The problem »
Set down exactly, and only, the lines from the one with "Imp. Puppy Collar (Reflective)" to the final line of the entries, both included.

The data »
________________

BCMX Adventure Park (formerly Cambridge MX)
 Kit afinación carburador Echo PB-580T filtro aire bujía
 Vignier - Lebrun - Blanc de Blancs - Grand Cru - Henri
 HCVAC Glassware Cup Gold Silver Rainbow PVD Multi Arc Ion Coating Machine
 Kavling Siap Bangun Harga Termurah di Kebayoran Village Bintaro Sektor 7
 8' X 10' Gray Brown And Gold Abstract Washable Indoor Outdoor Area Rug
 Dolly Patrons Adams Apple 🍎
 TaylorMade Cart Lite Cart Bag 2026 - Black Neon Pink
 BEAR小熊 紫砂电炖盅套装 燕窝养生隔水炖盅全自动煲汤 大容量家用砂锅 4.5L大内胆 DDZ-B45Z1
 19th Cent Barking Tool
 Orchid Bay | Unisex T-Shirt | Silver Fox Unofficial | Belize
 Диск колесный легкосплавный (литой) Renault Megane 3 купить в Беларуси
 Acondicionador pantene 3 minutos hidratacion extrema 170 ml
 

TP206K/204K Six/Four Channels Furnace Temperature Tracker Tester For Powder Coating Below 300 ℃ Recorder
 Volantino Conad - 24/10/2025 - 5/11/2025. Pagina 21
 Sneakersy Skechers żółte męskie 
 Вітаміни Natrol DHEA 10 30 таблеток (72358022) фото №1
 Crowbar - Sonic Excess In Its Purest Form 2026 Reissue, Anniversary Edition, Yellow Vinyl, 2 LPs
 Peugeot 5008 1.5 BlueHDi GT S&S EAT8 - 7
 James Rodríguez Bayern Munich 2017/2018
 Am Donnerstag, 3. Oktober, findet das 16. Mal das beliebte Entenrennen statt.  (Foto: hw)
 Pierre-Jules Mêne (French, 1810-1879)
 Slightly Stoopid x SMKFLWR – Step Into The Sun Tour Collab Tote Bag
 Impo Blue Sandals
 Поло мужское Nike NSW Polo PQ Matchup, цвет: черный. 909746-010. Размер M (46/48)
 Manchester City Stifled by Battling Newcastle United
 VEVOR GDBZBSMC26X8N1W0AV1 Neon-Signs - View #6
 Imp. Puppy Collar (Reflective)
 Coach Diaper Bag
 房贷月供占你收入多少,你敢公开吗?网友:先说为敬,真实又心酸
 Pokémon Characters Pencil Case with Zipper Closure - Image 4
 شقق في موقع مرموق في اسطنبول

________________

Response »
 Imp. Puppy Collar (Reflective)
 Coach Diaper Bag
 房贷月供占你收入多少,你敢公开吗?网友:先说为敬,真实又心酸
 Pokémon Characters Pencil Case with Zipper Closure - Image 4
 شقق في موقع مرموق في اسطنبول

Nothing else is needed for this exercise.